Éditorial | Dépasser les traumatismes, (re)construire sa vie
« La façon dont nos sociétés accueillent les personnes forcées à migrer est un indicateur des bouleversements sociaux à venir. »
Rescapé des atrocités de la Deuxième Guerre mondiale, le psychiatre Boris Cyrulnik a reconstruit sa vie en cherchant à comprendre ce qui permet à un enfant qui a connu les pires horreurs de renaître de ses traumatismes. Son parcours exceptionnel de « résilient », il le partage avec d’autres, que certains pensaient bons pour la casse et qui s’en sont brillamment sortis.
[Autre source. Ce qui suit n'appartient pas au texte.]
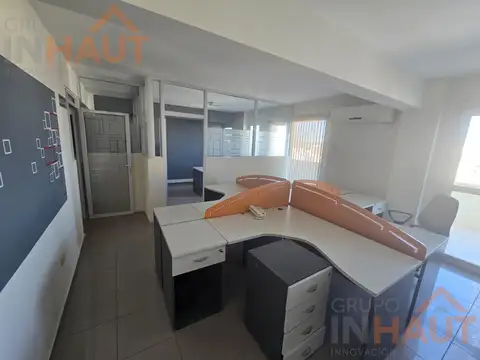 Oficina en Alquiler en Neuquen, USD 6.000
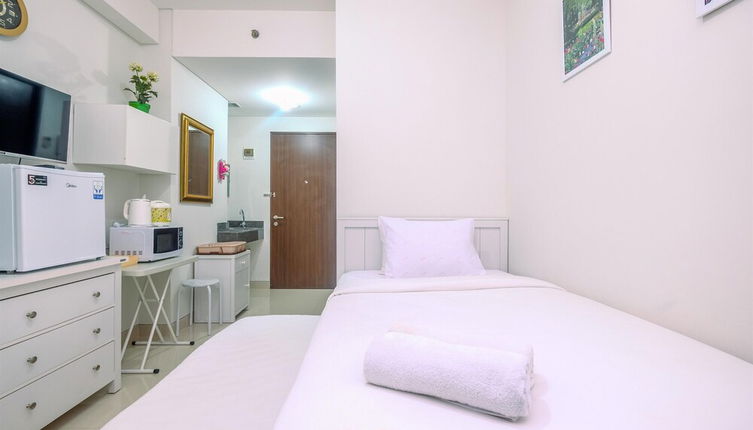 Photo 1 - Minimalist And Cozy Studio (No Kitchen) Transpark Cibubur Apartment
Et il s’en sert pour tenter d’identifier les conditions de cette résilience.
Son expérience résonne singulièrement au moment où la Suisse, comme l’Europe, cherche par tous les moyens à repousser plutôt qu’à remédier. A décourager plutôt qu’à entourer. Le message de Cyrulnik : celles et ceux qui arrivent « fracassés » par les horreurs et les violences ne sont pas « foutus » si l’on veut bien s’occuper d’eux, leur apporter ce lien dont tout être humain a besoin pour se construire, et, ici, se reconstruire.
Les attaches affectives et familiales, l’attention, l’écoute, l’empathie sont des conditions de cette remise en marche, à côté d’un soutien institutionnel. Si l’un et l’autre sont déficients, si l’indifférence s’ajoute à l’abandon, les perspectives de guérison et d’intégration n’iront qu’en s’éloignant.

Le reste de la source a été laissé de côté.